§ **WORK TO COMPLETE**
Repeat the data verbatim, images excluded.

** STORED DATA follows **

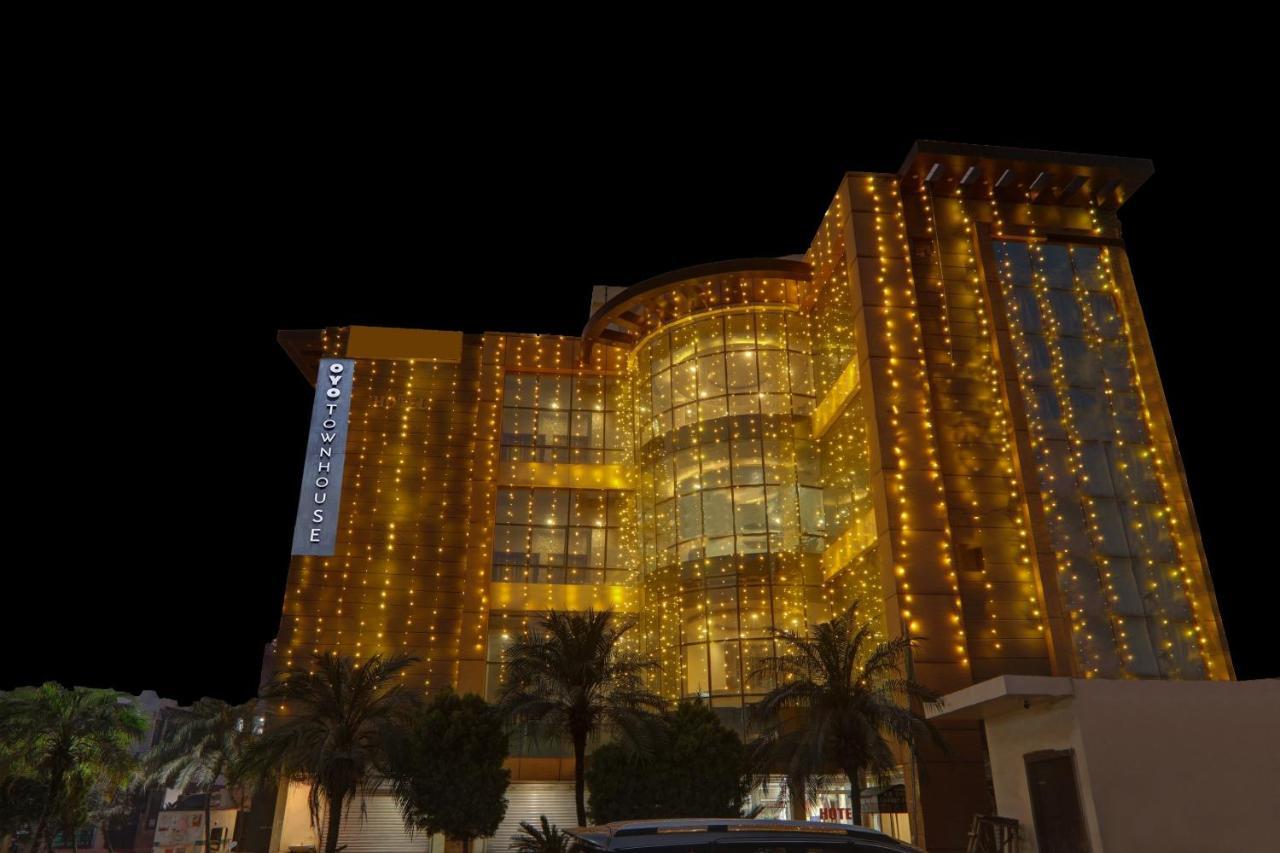 Townhouse 1150 Hotel Dayal Palace Chinhat Εξωτερικό φωτογραφία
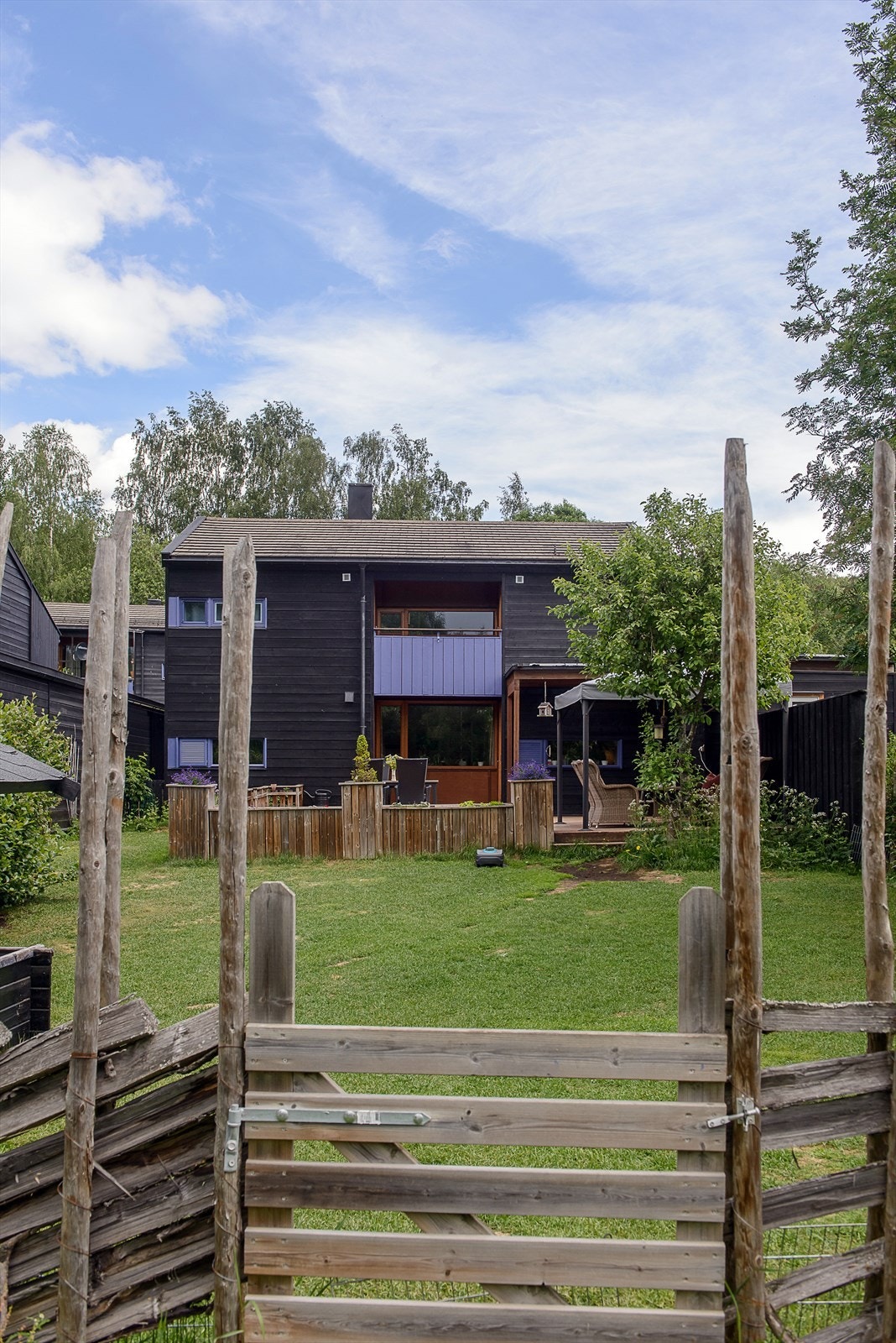 Skigard på nedsiden av boligen. Galleribilde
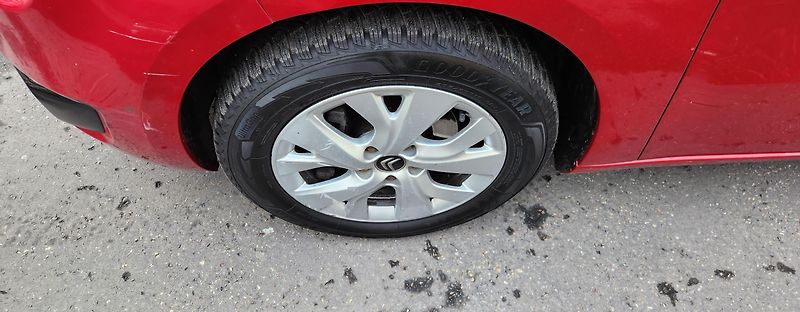 Citroën Grand C4 Picasso (2016) 1.6 HDI 7 MÍST ČR - fotka 24 z 43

** End of STORED DATA **

§ **RESULT**
 Townhouse 1150 Hotel Dayal Palace Chinhat Εξωτερικό φωτογραφία
 Skigard på nedsiden av boligen. Galleribilde
 Citroën Grand C4 Picasso (2016) 1.6 HDI 7 MÍST ČR - fotka 24 z 43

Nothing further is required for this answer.